La future étudiante enlevait, à l'aide d'une serviette en papier, les miettes de biscuit logées à la commissure de ses lèvres, alors qu'elle se saisissait du livre que ses parents lui avaient confié lors de son entrée au lycée. Bien qu'elle eût toujours eu quelques suspicions quant à ce qu'elle était, l'aveu de ses parents l'avait grandement surprise, avant que les nombreuses restrictions l'eussent, par la suite, refroidie. Depuis son plus jeune âge, elle posait des questions concernant l'origine de ses capacités, mais à chaque fois, elle s'était heurtée au silence persistant de ses parents. A présent, plutôt bien renseignée sur le sujet, ses demandes rencontraient des refus catégoriques ; il était hors de question qu'elle quitte la Terre. Pourtant, l'amour de sa tranquille vie, bien qu'un tantinet monotone, ne suffisait pas à réduire ses envies irrépressibles d'aventures et de découvertes, et quitte à désobéir, elle comptait bien un jour assouvir ses désirs.

Dianne feuilleta les pages de son livre, le premier d'une longue collection d'encyclopédies 'magiques', quand une série de pages cornées attira ses doigts sur l'irrégularité du papier, encore intact la veille. Elle se rendit donc aux pages concernées et découvrit, dans ce manuel de sciences physiques et ethniques, plusieurs pages de ce qui semblait être, à première vue, un documentaire illustré, mais après s'être attardée sur le papier rugueux et jauni ainsi que sur les illustrations sans perspectives et sur les figures graves des personnages, elle prit conscience qu'elles provenaient en réalité d'un livre saint.

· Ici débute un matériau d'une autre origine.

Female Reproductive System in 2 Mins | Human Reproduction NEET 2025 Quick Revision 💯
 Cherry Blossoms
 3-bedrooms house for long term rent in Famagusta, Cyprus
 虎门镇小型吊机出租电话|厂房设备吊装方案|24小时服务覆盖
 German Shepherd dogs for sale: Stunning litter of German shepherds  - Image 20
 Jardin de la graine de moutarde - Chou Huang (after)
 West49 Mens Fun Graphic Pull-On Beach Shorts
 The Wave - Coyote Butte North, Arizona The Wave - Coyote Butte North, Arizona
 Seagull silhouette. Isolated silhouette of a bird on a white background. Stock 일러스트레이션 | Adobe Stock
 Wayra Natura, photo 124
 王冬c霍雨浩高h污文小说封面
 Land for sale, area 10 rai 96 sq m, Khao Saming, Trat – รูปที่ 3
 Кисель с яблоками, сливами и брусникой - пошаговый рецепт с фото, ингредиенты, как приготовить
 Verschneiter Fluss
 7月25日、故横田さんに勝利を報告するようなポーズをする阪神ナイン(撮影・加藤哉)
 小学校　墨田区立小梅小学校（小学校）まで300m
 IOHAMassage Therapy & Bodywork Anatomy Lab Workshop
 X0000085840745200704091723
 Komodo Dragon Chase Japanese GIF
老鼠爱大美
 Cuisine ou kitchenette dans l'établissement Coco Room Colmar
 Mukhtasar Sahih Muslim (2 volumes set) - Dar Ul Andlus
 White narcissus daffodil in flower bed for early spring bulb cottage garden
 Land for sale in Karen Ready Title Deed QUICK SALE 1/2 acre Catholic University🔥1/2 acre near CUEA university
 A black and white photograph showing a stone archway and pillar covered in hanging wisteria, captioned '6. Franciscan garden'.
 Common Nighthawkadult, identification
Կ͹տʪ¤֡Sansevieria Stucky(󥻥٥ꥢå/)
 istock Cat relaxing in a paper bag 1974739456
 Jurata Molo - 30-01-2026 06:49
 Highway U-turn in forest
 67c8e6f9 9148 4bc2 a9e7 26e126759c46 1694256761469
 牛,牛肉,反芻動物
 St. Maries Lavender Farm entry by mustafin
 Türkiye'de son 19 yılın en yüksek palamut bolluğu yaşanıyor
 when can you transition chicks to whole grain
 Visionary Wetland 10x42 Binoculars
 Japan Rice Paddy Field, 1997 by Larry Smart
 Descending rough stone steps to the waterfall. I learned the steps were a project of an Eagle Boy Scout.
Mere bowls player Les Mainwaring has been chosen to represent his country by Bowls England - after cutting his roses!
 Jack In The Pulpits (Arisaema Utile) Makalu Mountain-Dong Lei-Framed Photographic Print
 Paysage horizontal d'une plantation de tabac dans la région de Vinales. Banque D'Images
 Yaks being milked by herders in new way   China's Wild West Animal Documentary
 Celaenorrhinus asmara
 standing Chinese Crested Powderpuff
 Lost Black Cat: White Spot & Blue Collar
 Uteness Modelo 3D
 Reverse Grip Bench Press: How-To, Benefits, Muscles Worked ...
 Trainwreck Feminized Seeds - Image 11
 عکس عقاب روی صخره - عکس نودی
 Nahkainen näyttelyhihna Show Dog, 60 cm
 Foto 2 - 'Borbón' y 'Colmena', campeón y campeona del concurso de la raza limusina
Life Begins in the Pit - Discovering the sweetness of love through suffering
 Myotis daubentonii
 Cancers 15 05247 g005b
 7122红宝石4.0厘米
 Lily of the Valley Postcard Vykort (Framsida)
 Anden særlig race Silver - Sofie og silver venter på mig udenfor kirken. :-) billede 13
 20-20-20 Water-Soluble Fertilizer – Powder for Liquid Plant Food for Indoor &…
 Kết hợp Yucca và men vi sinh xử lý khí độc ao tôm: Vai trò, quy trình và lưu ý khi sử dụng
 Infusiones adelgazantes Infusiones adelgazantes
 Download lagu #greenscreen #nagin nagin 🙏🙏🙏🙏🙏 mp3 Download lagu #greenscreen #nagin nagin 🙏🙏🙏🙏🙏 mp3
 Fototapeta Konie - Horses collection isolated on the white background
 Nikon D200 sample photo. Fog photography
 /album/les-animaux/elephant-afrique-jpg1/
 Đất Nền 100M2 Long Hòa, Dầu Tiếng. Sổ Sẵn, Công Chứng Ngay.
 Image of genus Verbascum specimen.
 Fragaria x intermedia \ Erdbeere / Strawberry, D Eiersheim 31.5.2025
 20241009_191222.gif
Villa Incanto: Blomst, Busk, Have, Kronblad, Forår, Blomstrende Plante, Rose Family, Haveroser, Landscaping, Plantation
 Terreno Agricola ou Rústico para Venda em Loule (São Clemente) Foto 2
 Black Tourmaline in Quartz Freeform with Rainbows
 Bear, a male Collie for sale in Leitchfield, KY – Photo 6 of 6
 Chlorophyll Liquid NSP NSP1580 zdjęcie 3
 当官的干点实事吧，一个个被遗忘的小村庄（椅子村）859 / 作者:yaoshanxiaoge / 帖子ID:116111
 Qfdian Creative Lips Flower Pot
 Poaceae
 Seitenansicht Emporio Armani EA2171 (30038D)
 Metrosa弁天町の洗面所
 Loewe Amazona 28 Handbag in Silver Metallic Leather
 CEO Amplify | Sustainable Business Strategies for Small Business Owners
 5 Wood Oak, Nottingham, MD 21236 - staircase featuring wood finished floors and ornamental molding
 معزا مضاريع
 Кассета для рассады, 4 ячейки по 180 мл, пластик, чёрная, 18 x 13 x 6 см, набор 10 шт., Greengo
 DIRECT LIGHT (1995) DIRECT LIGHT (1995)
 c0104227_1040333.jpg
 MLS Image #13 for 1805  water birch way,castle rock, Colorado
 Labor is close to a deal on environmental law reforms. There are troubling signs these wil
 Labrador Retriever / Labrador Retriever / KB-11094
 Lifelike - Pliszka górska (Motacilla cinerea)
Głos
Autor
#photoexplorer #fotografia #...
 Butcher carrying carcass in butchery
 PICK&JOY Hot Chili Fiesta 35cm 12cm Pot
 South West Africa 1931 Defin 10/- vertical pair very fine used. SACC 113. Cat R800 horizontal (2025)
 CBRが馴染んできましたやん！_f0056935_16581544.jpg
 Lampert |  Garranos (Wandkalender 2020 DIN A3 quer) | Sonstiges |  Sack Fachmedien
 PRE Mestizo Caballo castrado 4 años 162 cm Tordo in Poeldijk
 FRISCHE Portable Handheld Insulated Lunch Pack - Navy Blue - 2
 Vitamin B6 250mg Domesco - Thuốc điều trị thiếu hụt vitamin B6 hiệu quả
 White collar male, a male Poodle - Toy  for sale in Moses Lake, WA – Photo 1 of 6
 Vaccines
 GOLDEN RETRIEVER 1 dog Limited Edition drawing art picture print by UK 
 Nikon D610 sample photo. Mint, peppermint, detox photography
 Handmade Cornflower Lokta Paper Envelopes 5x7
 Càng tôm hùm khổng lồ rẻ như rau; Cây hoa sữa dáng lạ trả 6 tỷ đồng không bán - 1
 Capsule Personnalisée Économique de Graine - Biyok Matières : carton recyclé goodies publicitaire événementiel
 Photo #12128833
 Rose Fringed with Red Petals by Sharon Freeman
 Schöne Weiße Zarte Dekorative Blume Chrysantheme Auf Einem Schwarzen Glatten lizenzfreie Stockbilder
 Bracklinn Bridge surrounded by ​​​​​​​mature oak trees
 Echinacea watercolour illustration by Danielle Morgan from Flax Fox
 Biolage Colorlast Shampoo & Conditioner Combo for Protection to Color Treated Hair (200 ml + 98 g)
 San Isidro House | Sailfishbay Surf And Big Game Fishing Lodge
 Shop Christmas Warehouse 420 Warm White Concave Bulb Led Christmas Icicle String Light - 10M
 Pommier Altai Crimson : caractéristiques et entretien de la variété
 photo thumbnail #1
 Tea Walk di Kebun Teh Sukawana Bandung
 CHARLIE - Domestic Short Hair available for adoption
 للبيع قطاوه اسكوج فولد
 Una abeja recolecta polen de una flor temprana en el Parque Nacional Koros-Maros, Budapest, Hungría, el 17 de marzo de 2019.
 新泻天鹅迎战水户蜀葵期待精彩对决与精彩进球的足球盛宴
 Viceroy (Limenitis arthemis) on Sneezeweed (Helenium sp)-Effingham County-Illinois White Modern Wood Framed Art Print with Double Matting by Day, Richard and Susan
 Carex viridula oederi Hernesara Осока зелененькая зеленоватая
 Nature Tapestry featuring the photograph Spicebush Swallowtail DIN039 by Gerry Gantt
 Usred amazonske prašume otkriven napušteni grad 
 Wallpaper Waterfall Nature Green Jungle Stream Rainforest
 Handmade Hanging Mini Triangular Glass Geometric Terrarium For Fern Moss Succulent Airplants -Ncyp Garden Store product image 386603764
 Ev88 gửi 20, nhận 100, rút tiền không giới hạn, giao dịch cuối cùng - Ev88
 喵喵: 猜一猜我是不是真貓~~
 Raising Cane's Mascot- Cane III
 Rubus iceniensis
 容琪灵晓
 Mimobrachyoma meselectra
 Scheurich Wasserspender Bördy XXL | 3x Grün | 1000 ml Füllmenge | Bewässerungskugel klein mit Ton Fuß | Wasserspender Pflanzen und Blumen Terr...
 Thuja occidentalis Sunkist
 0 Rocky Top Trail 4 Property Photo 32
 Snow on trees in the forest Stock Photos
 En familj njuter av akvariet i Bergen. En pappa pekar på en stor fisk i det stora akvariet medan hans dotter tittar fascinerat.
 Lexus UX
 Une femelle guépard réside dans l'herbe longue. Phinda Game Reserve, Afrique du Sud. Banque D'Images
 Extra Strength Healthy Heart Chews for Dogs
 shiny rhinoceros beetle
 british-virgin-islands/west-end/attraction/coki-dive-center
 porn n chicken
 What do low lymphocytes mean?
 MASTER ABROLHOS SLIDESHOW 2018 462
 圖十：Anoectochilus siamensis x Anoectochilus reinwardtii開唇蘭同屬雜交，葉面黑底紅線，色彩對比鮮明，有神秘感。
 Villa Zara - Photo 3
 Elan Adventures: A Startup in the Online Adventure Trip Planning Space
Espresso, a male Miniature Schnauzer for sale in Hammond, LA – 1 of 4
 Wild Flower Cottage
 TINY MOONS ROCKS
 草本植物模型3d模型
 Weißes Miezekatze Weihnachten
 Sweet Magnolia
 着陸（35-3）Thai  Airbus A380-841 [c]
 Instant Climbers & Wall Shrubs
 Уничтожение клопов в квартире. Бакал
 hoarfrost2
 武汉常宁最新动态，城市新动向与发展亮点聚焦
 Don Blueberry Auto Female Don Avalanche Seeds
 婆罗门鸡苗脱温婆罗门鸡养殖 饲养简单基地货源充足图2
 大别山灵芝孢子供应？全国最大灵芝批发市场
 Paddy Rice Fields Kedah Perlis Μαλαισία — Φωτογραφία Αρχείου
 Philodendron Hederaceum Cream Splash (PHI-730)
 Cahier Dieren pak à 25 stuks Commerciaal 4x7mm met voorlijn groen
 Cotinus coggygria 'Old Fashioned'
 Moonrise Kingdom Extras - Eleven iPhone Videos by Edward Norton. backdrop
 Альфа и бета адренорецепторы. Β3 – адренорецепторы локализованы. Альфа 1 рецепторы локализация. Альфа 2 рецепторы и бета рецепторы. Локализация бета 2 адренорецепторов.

L'incompréhension dans laquelle se trouvait la jeune femme augmentait aussi rapidement que la peur provoquée par l'enchaînement des événements. Cette journée devait être calme, si l'on excluait l'afflux important d'amateurs d'Histoire et de découvertes, mais en aucun cas des éléments d'une vie que ses géniteurs s'efforçaient de tenir éloignée d'elle, n'auraient dû refaire surface. Pour commencer, ce film n'avait ni queue ni tête, pourquoi lui révéler de tels 'secrets' si cela pouvait perturber les bases de l'Humanité ? Et puis avait-elle demandé quelque chose à Héraclès ? Elle se rassura, d'ailleurs à tort, en se convainquant que ce n'était peut-être là que la manifestation de ses capacités, dictées par son subconscient, ou par une toute autre chose portant une appellation barbare qu'elle avait brièvement lue dans son encyclopédie.

Elle justifiait cette découverte par sa simple volonté d'approfondir ses connaissances, la menant inévitablement à ce livre dans lequel elle avait cru apercevoir une partie consacrée à ces êtres célestes, d'où l'apparition de ce mystérieux feuillet à l'écriture archaïque. Il ne lui vint pas un seul instant l'idée que ce dialecte fût encore en usage dans certaines civilisations et que ce même feuillet se trouvât là, car il devait simplement se trouver là, du moins c'est ce que pensait l'individu qu'il l'avait disposé dans cet ouvrage.